Over the course of the investigation, detectives documented meetings allegedly involving the transfer of multiple kilograms of cocaine among Bernard and the following additional defendants:
• Shellyann A. Brown, 34, of Trenton,
• Sidonie S. McLeod, 28, of Cherry Hill,
• James C. McBride, 41, of Mount Laurel,
• Angel R. Rivera, 33, of Vineland, and
• Juan M. Cortez 41, of Vineland.
On March 11, 2013, Rivera and Cortez were arrested after investigators observed Bernard deliver a package containing approximately one kilogram of cocaine to them in Cherry Hill. They allegedly hid the cocaine in a secret compartment in Rivera's vehicle. A stolen handgun was later recovered from Rivera's residence.
On March 15, 2013, State Police detectives and DEA agents coordinated additional arrests in Operation Next Day Air as a significant shipment of cocaine arrived from California. The execution of multiple search and arrest warrants in Cherry Hill and Mt. Laurel resulted in the arrests of Bernard, Brown, McLeod, and McBride. McLeod and McBride were arrested in Cherry Hill after McLeod allegedly delivered three kilograms of cocaine to McBride, which were seized by the State Police. That same day, DEA agents arrested Kemar Davis in Los Angeles, California. Another defendant, Hioka N. Myrie, 33, of Philadelphia, surrendered to detectives on May 14, 2013. Andrew Davis was arrested in Los Angeles on September 16, 2013 by members of the US Marshals Fugitive Task Force.
One identified fugitive and five unidentified defendants also are charged in the indictment. Because those defendants are being sought by law enforcement, no information is being released on them.

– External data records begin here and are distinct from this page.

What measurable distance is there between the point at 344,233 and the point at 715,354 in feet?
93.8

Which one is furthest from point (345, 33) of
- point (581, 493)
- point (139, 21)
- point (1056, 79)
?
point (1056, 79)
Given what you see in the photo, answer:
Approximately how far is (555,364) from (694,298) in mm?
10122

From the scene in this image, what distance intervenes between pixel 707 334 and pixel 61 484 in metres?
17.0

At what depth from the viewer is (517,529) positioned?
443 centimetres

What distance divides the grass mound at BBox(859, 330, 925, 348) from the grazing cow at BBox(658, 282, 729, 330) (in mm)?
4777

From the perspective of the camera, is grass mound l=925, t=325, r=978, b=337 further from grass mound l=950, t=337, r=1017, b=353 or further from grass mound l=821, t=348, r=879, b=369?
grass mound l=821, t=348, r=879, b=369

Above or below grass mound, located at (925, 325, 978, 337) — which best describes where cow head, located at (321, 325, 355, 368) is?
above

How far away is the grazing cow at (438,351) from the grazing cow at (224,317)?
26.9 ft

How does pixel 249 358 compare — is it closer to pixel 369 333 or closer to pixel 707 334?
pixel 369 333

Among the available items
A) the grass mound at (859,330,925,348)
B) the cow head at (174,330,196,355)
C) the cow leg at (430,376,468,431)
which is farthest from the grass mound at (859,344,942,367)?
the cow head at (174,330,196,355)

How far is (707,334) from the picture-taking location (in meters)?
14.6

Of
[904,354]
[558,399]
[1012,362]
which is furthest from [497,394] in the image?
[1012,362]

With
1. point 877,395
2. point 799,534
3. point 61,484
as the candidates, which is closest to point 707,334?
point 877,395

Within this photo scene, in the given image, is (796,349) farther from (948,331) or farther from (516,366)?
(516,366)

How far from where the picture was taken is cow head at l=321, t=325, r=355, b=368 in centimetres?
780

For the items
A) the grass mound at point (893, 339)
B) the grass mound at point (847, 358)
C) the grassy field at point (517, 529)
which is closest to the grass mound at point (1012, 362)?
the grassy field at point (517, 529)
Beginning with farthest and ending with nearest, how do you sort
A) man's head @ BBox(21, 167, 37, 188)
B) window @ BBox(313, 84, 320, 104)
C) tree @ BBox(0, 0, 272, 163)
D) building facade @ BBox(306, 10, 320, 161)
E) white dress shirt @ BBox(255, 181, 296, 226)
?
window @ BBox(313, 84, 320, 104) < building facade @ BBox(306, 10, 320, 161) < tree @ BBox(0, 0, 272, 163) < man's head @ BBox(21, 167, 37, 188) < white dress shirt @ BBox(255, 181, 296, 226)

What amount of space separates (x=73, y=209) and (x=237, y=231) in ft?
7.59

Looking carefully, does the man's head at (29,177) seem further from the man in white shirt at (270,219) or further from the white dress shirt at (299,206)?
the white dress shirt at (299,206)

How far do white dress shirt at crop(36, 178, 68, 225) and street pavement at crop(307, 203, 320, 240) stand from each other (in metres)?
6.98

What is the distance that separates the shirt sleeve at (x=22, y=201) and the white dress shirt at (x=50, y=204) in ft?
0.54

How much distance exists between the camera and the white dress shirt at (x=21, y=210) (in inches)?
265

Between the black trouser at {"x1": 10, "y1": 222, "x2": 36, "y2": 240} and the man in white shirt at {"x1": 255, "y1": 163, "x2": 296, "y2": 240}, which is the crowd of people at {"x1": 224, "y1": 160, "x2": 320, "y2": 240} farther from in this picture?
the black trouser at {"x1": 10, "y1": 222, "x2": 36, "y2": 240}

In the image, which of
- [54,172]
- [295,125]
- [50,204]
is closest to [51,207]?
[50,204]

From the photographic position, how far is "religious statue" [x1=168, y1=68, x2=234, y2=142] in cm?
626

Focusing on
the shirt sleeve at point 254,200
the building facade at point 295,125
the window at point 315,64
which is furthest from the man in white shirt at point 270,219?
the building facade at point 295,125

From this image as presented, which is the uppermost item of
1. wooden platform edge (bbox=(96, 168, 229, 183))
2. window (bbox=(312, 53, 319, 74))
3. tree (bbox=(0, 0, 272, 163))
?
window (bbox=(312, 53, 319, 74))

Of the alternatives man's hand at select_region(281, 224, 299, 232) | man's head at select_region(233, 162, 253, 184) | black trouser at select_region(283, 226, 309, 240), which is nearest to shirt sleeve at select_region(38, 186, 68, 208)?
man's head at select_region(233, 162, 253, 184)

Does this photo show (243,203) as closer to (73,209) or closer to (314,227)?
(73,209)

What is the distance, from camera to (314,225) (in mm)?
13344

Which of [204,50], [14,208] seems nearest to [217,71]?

Fourteen of the fifteen defendants, are charged with first-degree conspiracy and first-degree distribution of cocaine. Andrew Davis, Kemar Davis, Bernard, and McLeod also are charged with first-degree money laundering. Rivera is charged with second-degree possession of a weapon as a convicted felon.
The first-degree charge of leading a narcotics trafficking network carries a sentence of 25 years to life in state prison and a fine of up to $750,000. The other first-degree charges carry a sentence of 10 to 20 years in state prison and criminal fines of up to $500,000 for the money laundering and cocaine distribution charges, and up to $200,000 for the conspiracy charge. The second-degree charge of possession of a gun as a convicted felon carries a sentence of up to 10 years in state prison, including five years of mandatory parole ineligibility, and a fine of up to $150,000.
The indictment is merely an accusation and the defendants are presumed innocent until proven guilty.